飯塚さんも、森さんもそれだけに、政府が8月中に開始の方針とされる福島第一原発の処理水放出(汚染水から放射性物質を除去した後のトリチウム水、約133万7千㌧)の話に顔を曇らせる。「心配なのは、風評はもちろんだが、ようやく復活させた漁が止まることだ」と飯塚さん。2011年3月の原発事故直後、東京電力が1万4千㌧もの汚染水を一方的に放出し、県内の漁が長期の全面自粛に追い込まれて、仲買人たちも大きな打撃を受け、「仲買人には何の補償もなかった」と語る。
「もし地元の沿岸漁が止まったら、商品棚から福島の魚は消え、(流通も含め)お客さんは他県の魚を買うようになる。風評も加わって代わりの商品が並んだら、戻すのは難儀。それは現実として過去に起きたことで、われわれには一番怖い」
信用のつながりを全国に広げ
そのような現実から、しかし、この10年余りを掛けて「相馬の魚の味」で新たなお客さんの開拓をしてきたという自負が、飯塚さんにはある。
「私自身が足を運んで東京や関東、西では京都の業者やお店と直につながり、相馬の魚の味と人を一緒に知ってもらった。お客さんから、次のお客さんにもつながった。その信用のつながりこそが、たとえどんな状況になっても一番強い」
漁協は原発事故後の13年から始めた試験操業(安全性を確認した魚種を段階的に漁獲。昨年から本操業)とともに、食品の放射性物質の基準値の2倍の厳しさの検査を、水揚げごとに市場の検査室で続けてきた(6月30日の『福島第一原発の処理水放出「後継者が展望持てる解決を 」相馬双葉漁協組合長・今野智光さん』参照)

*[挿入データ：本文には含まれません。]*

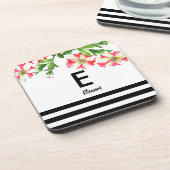 Design der Aquarellfarben Rosa und Weiße Petunien Getränkeuntersetzer (Linke Seite)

「その証明書を私も出荷ごとに添付し、遠来の市場のバイヤーに見てもらい、スーパーの売り場でも、各地の福島フェアでも貼ってもらっている。でも最近は『顔写真の方がいい。送ってくれ』と言われ、直売所の農家のようにプロフィール入り顔写真を売り場に貼ってもらっている。顔の見える関係がずっと安心なんだ」
浜は次世代のコラボの時代
相馬の漁港は、松川浦の外洋への出口に位置し、森さんのルート食品も同じ景勝に面して立つ。「松川浦はノリの養殖が盛んだけれど、隠れた資源がある。岩ガキだ。食べさせてもらったことがあり、ミネラル分が濃くて『海のミルク』そのもの、本物のうまさだった。名物にしたいが、浦に『畑』(利用権のある場所)を持つ漁師しか食べられなかった。まだまだ活用されていない『宝の海』があるんです」。森さんは、その海が「地産地消」に生かされていく可能性に期待する。
飯塚さんも、「ぼくらの世代は、震災、原発事故を後継者として乗り越えてきた若手の漁師たちとも、仲の良い関係でつながっている」と言う。「漁師も、仲買人も、森さんのような浜の新しい仲間も、一緒になって相馬の新しい商品を発見し、開発し、全国の流通や消費者とつながっていけたら。浜もコラボの時代なんだ」
福島の漁業者たちは処理水放出に今もこぞって反対している。が、その声の陰には、しっかりと未来を見据える、たくましい次の世代がいる。漁業は衰退産業といわれるが、相馬では事情が違っている。彼らは言う、「まず、『宝の海』の魚を食べてみてほしい」ー。そこに、すべての答えがあるという。